Arkadaşları kahkahalarla güldü. Yolcu koltuğundaki adam bir şişe kaldırdı. "Kutlama yapıyoruz! Bizimle kutlamak istemez misiniz?"
"Siktirin gidin," diye tısladı Emilia, beni kendine doğru çekerek.
"Ooh, ateşli!" Sürücü motoru durdurdu. "Ateşli severim."
Kabile dövmeli, kalın enseli bir adam kapının üzerinden atladı. Sendeledi, Emilia'yı işaret ederek bize doğru geldi.

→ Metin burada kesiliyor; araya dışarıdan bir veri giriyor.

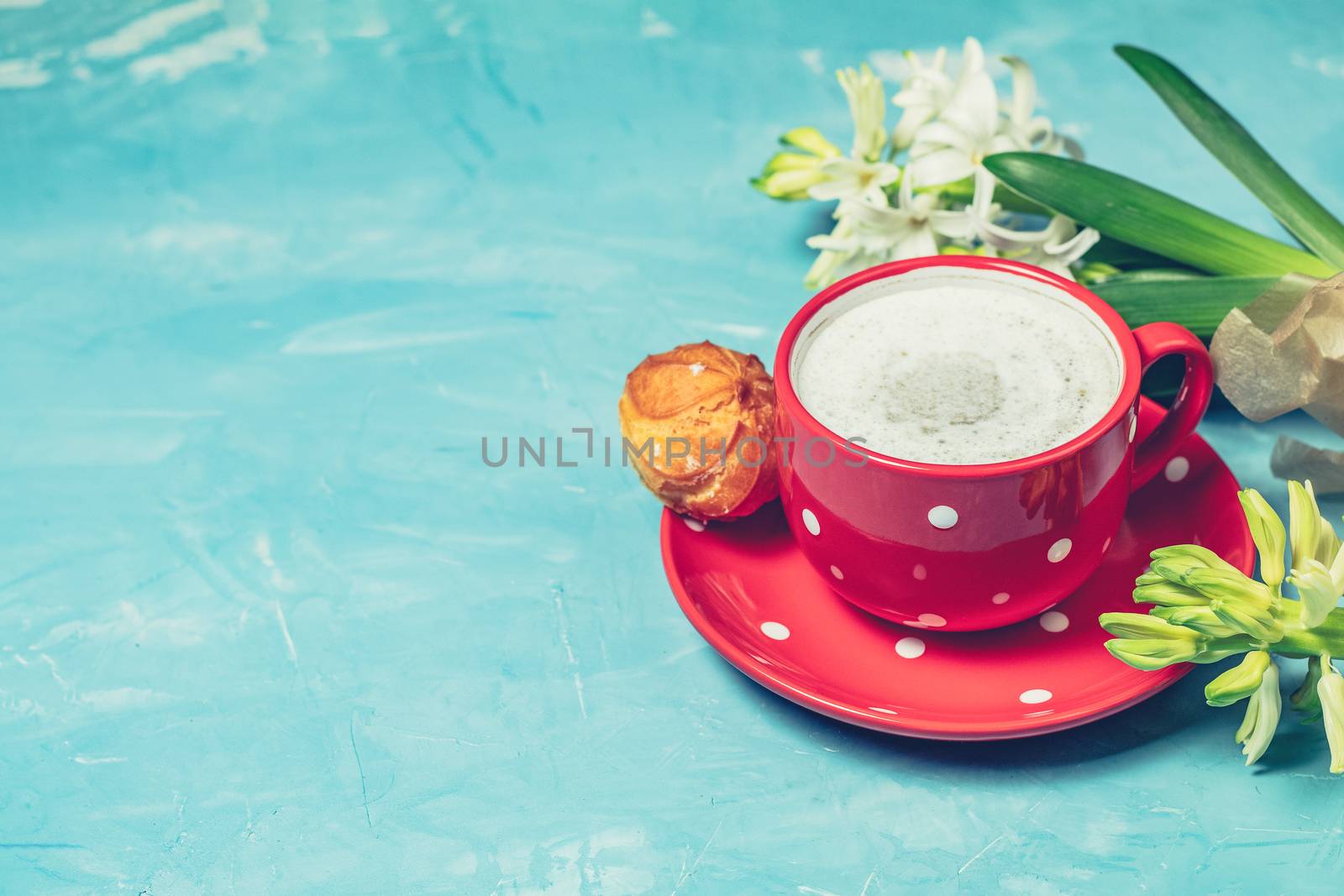Red in white dotted cup of coffee with milk, delicious profiteroles with cream and white hyacinths on blue concrete surface background, copy space. Beautiful spring greeting card.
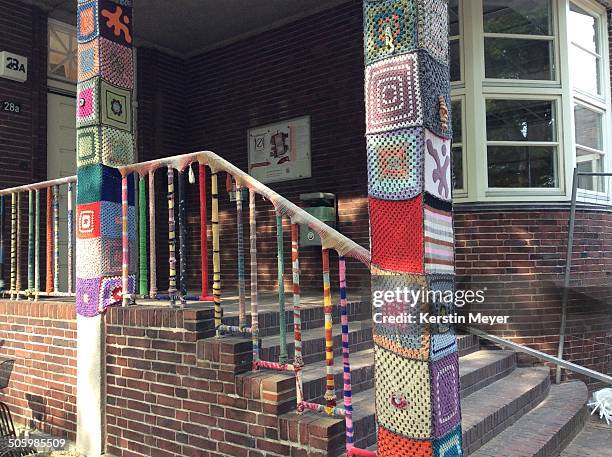 Yarn bombed hand rail and pillars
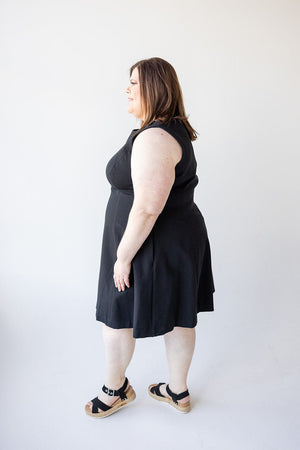 A woman in a sleeveless black dress made from smoothing premium ponte fabric stands in profile against a plain white background. She is wearing the Spanx© THE PERFECT FIT AND FLARE DRESS IN BLACK and black sandals.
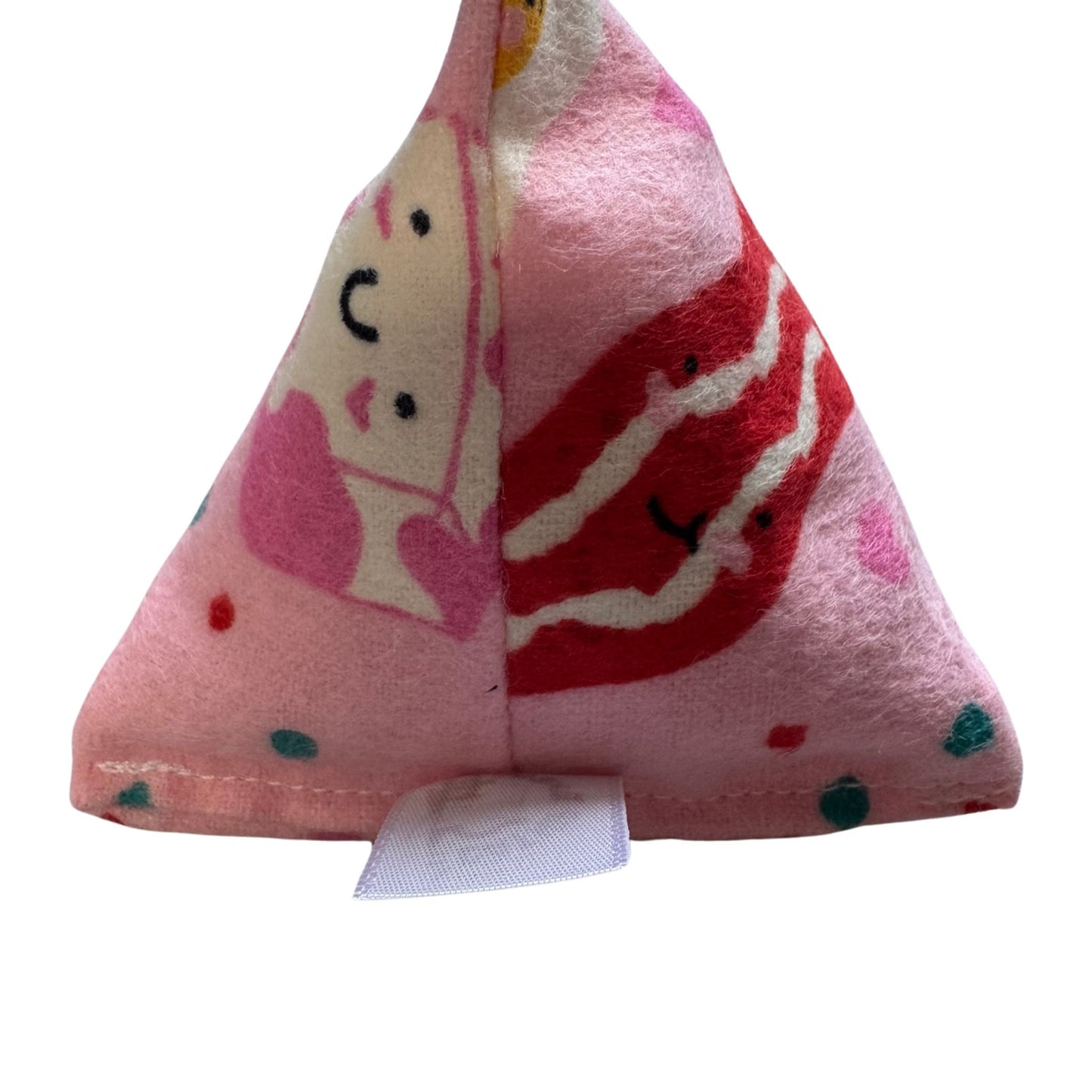 A triangular pink Happy Sack catnip toy featuring a bacon and smiley face design, perfect for cats to bat, pounce, and roll made by CatnipTakeout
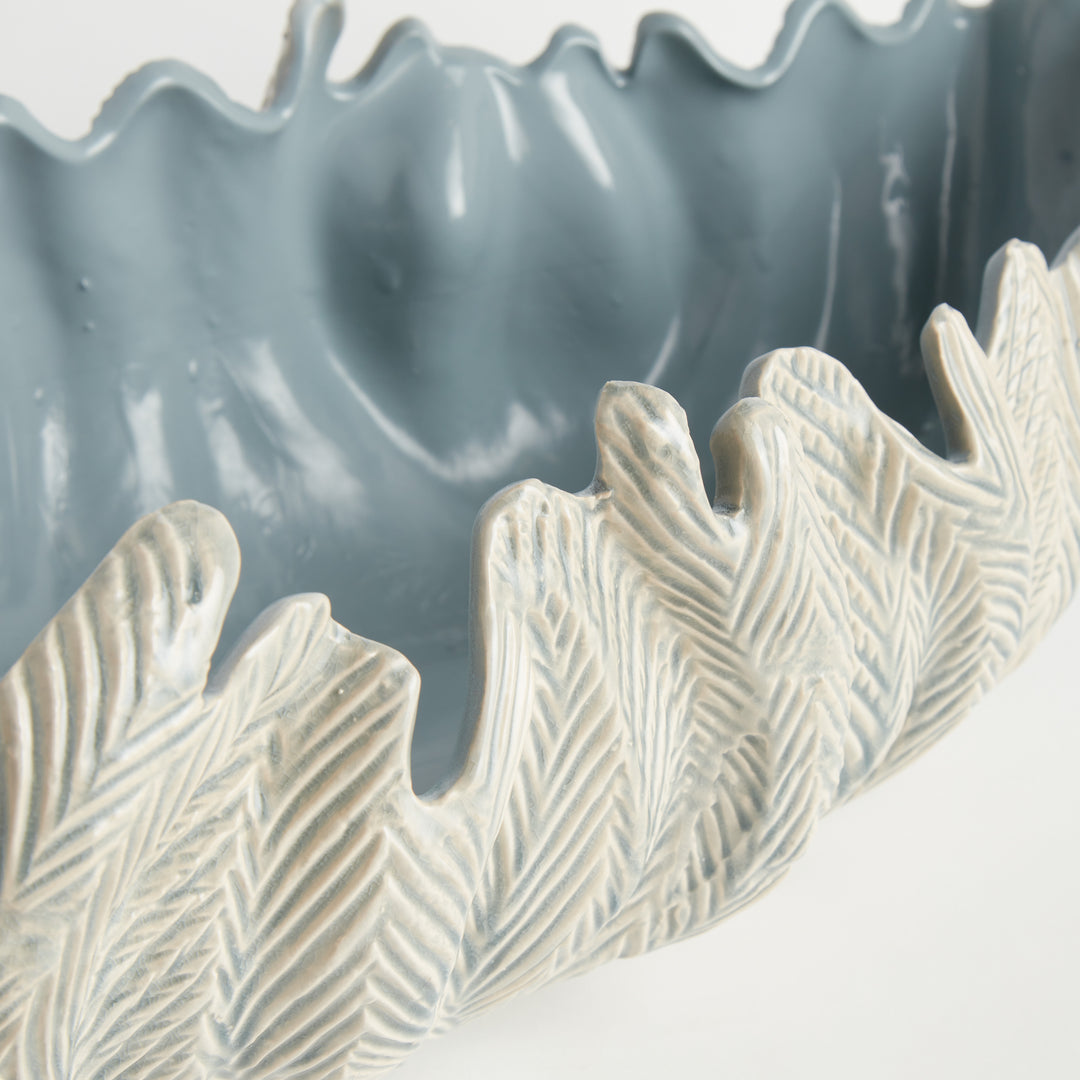 Close view of decorative oval bowl in light blue with textured sculpted exterior and reactive glaze artisan style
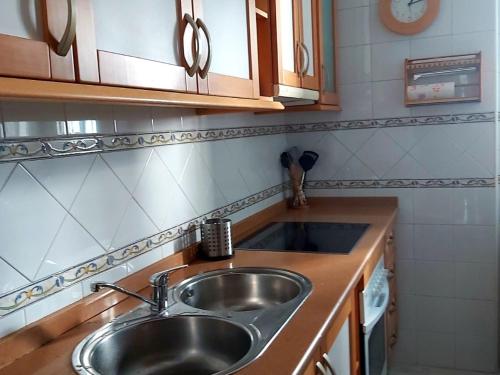 a kitchen with a stainless steel sink and wooden counters at Junto a la Calle Betis: El corazón de Triana in Seville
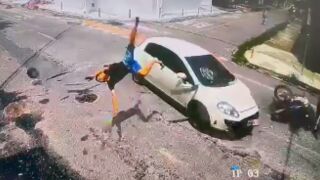 Man fleeing from police, crashes at junction and cartwheels into the front of a store, Brazil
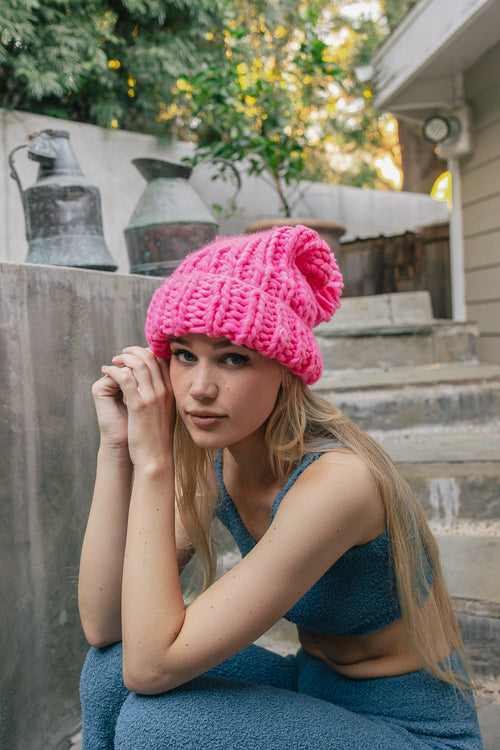 Woman wearing a pink knit hat sitting on steps outdoors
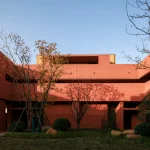 Courtyard space with trees and geometric terracotta forms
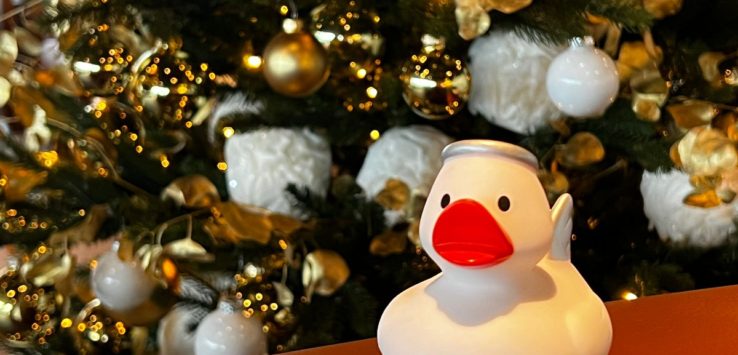 a white rubber duck on a table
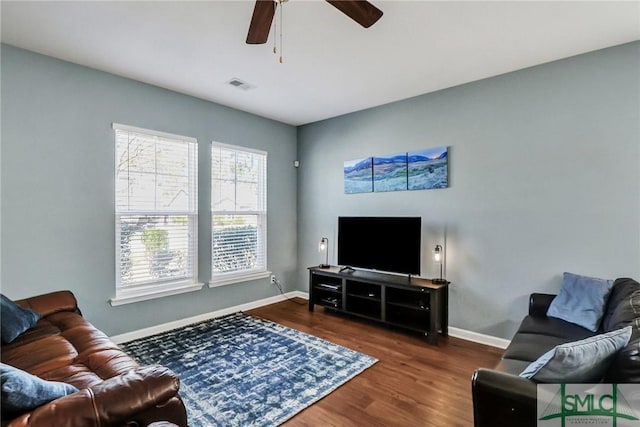 living area with a ceiling fan, wood finished floors, visible vents, and baseboards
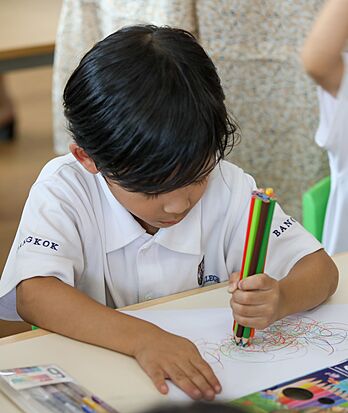 Pupil coloring during a creative activity at Brighton College Vibhavadi, supporting artistic expression beyond the classroom in a premium international school in Thailand.
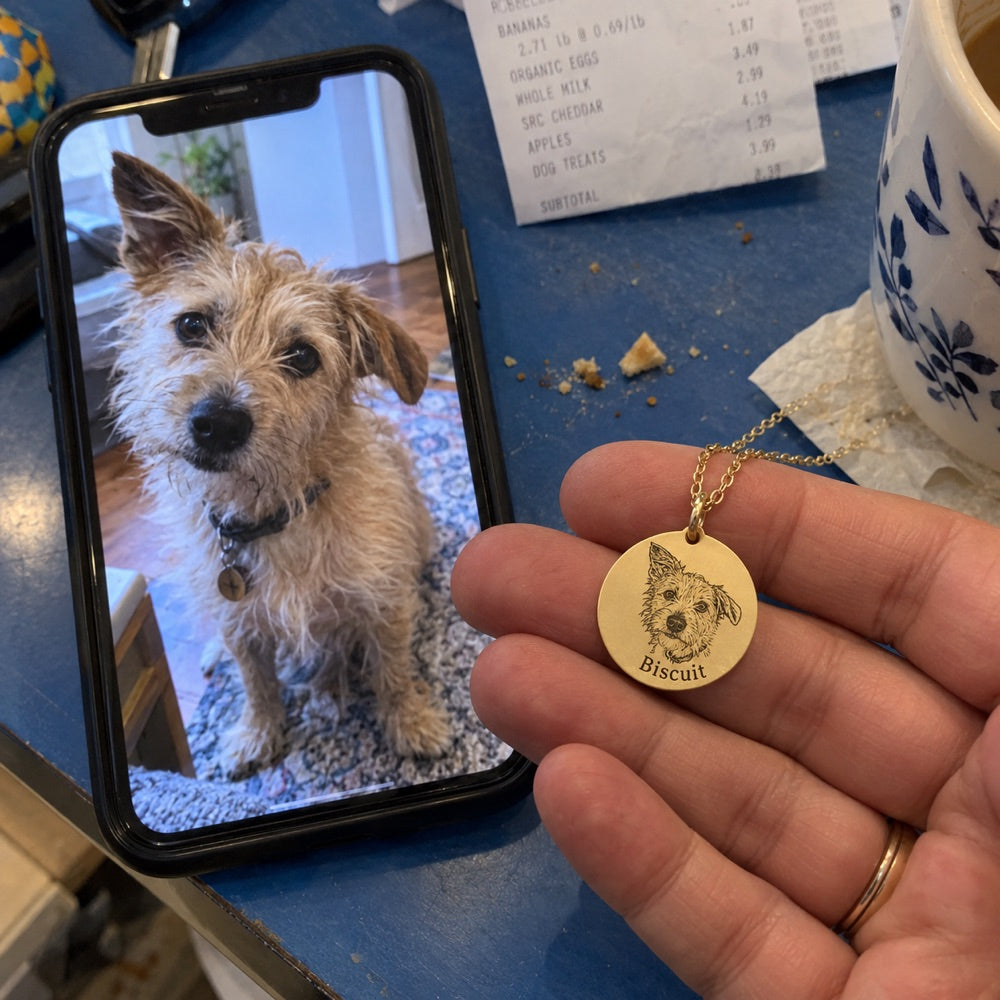 Dog — AI concept: AI demo phone snapshot of a hand holding a gold Biscuit necklace beside a matching terrier reference photo on a phone, on a cluttered blue kitchen table. Not a customer photograph.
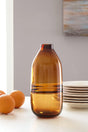 Lemmitt Amber Vase front view showing round shape and amber glass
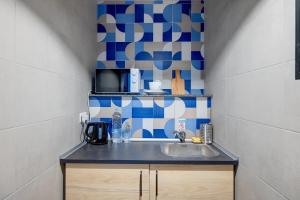 Kuchyň nebo kuchyňský kout v ubytování Sliema Creek Suites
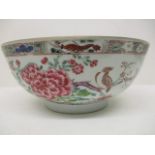 A late 18th century Chinese porcelain famille rose bowl decorated with peonies, trees, birds insects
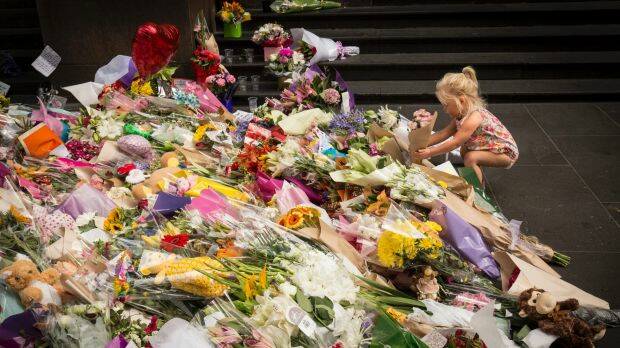 Hundreds of bunches of flowers were laid in Bourke Street in the wake of the tragedy. Photo: Chris Hopkins
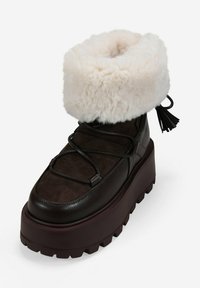 Botín de tobillo de ante sintético marrón con un puño de crema esponjoso, presenta una gruesa suela de plataforma marrón oscuro y cordones decorativos en la parte frontal.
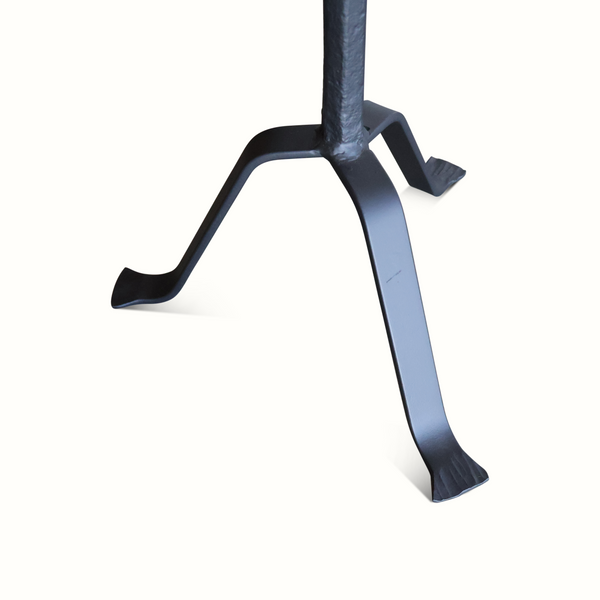 Black gueridon table with splayed three-leg base attached to pedestal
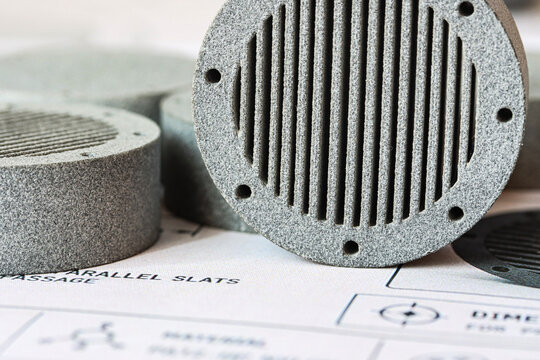Close-up of gray MJF 3D printed prototype parts placed on a technical drawing, showing rough nylon texture and additive manufacturing details for engineering, product design, rapid prototyping and ind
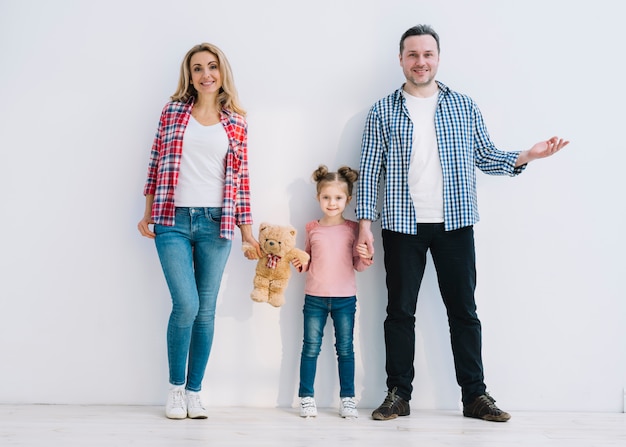 Padres sonrientes con su hija de pie contra la pared blanca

"Ağzın çok laf yapıyor, sarışın. Bakalım başka neler yapabiliyor."
Ben tepki vermeden, öne atıldı ve Emilia'yı saçından yakaladı, başını geriye doğru çekti. Çığlık attı, kolunu tırmaladı.
"Bırak onu!" diye bağırdım, pazarlama yöneticisi kişiliğim ortadan kaybolurken yerini saf öfkeye bıraktı. Çantamı savurdum, şakağına isabet etti.
Sendeledi ama Emilia'nın saçındaki tutuşunu korudu. "Arkadaşın sert oynamak istiyor, ha?" Gözleri göğsüme sabitlenmiş bir şekilde bana sırıtarak baktı. "Güzel memeler. Bahse girerim çok iyi zıplarlar."